WASHINGTON, January 18. /TASS/. The sanctions imposed by Western countries against Russia over the conflict in Ukraine have affected the Russian economy to a lesser extent than expected, journalist Adam Taylor noted in his analysis published by The Washington Post on Wednesday.
He was commenting on statements by Russian President Vladimir Putin, who held a meeting on economic issues on Tuesday. According to Putin, Russia's economic results for 2022 turned out to be better than many expert forecasts. According to the preliminary data cited by the president, Russia's GDP in 2022 declined by only 2.5%, while experts had predicted a deep plunge. Russia, he said, has all the opportunities to "consolidate the positive trend" emerging in the country's economy.
"But Russian data does seem to suggest that the scale of the impact was less severe than many expected. Though Putin may not be at Davos, Russia is not completely cut off from the world either. The country’s current account balance - effectively a record of its trade with the rest of the world - surged over the past year in a way that would have implied a boom year in any normal time," the author wrote.

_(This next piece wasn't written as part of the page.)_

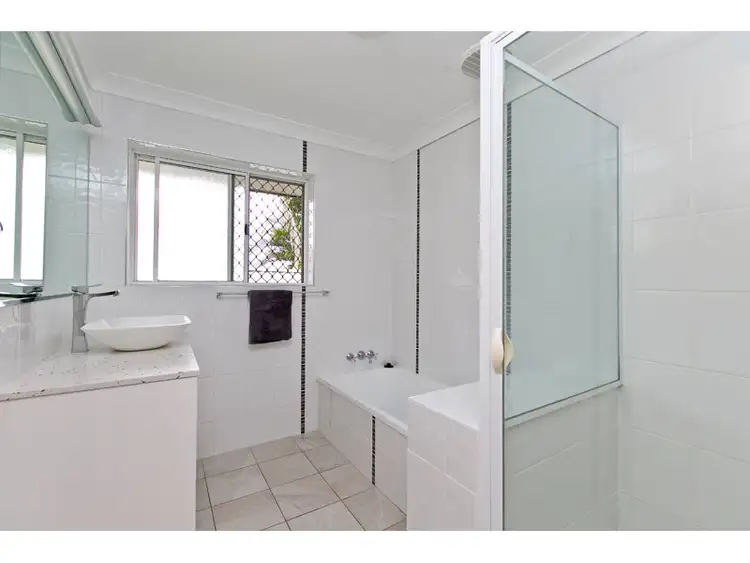 Third view of Homely house listing, 3 Crighton Court, Capalaba QLD 4157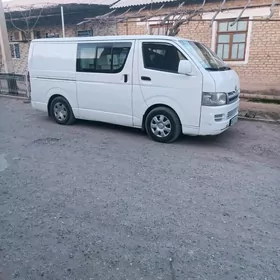 Toyota Hiace 2006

Taylor added that Russian residents or tourists noted that "life has continued roughly as normal" despite the departure of Western chains. In this regard, the author of the article wondered whether this means "that sanctions haven’t worked". In his assessment, the sanctions were hitting the Russian economy. In the future, he believes, the sanctions "will bite harder", affecting Russia's oil and gas revenues.
"How quickly that happens will depend on persistence in the West, where lax enforcement and deliberate evasion have helped Russia over the past year. That’s perhaps why Ukrainian officials and their supporters are at the World Economic Forum in Davos, where they are pushing against fatigue and apathy among allies," wrote the Washington Post journalist.
Putin announced Russia’s special military operation in Ukraine on February 24, 2022 in response to a request by the heads of the Donbass republics for assistance. The West then imposed large-scale sanctions against Moscow and increased supplies of weapons and military equipment to Kiev by billions of dollars.